* Problem requirements
When a line in the entries contains the word "living", copy that line in full.

* Stored records
************

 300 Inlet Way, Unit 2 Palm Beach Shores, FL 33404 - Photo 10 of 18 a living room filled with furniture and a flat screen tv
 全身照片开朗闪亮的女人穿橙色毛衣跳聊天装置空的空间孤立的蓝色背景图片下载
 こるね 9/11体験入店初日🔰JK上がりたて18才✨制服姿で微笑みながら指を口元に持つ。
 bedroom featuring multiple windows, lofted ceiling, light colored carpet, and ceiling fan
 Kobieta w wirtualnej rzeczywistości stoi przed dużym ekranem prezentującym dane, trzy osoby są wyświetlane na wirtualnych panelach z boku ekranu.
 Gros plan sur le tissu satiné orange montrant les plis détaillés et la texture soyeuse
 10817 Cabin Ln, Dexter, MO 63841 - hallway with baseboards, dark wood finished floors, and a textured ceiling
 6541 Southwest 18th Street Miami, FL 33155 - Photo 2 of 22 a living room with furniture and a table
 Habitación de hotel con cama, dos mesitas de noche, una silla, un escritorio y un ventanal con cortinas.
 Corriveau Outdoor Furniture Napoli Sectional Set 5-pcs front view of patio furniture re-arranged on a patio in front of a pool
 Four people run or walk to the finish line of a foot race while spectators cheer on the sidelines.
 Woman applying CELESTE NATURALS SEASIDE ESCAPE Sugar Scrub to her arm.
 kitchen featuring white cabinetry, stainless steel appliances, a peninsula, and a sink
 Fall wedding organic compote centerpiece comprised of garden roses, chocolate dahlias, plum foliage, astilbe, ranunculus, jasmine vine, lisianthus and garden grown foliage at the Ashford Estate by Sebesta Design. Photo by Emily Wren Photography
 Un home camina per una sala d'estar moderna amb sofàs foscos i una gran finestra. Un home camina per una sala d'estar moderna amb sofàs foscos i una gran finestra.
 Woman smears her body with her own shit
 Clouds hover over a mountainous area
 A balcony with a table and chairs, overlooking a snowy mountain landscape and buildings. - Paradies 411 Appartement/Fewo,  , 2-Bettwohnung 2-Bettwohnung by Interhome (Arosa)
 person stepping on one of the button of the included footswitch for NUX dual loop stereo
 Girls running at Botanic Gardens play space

************

* Expected output
 300 Inlet Way, Unit 2 Palm Beach Shores, FL 33404 - Photo 10 of 18 a living room filled with furniture and a flat screen tv
 6541 Southwest 18th Street Miami, FL 33155 - Photo 2 of 22 a living room with furniture and a table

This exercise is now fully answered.